New leaders confident in fulfilling responsibilities

(China Daily) Updated: 2012-11-16 08:04

That the world continues to look to China as the driving force for growth and recovery amid contagious pessimism, and the people continue to see improvements in their livelihoods when austerity prevails in the rest of the world, show Hu and his colleagues scored highly in the severe tests they faced. They have steered the economy safely through the 2008 world financial crisis, and kept it so far so good in the whirlpool of the unfolding eurozone debt crisis and the slow economic recovery in the United States.
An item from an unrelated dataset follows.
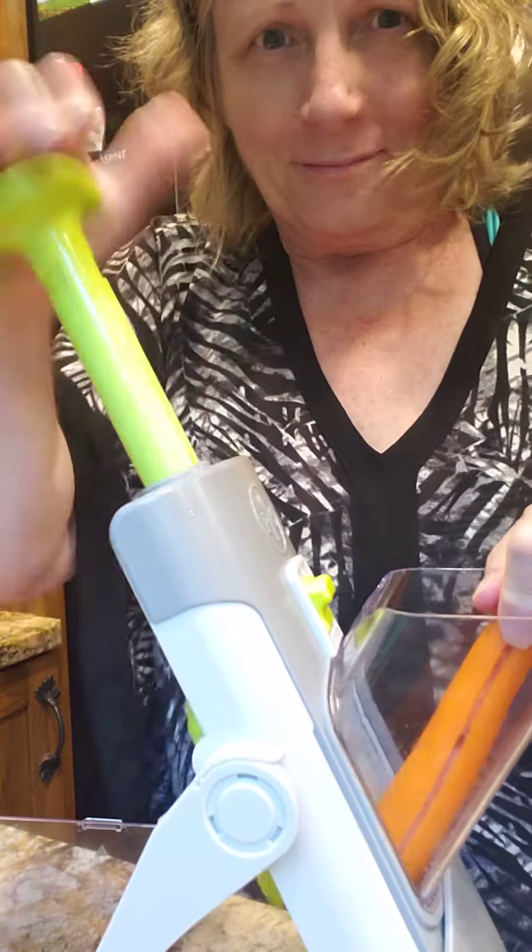Let's get a couple radishes in there, get all the radishes in there — makes your job a lot easier. We're having pizza and salad for dinner. What are you guys having?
The signs of continuity seen throughout the CPC leadership change, from the spotlight on direction in Hu's report to Xi's vows to press ahead with what has been laid out, are themselves reasons for confidence that the fine momentum is here to stay. That two leading members of the new Politburo Standing Committee, Xi and Li Keqiang, have served a term at the leadership core per se is a sign of continuity and governance maturity.

The fine momentum has to be sustained, and reform and opening-up, which have been the core drivers of the country's recent rise to prominence, have to be deepened and broadened. That is the only way toward the "qualified answer sheet" the new CPC leader pledged to deliver while meeting the press on Thursday.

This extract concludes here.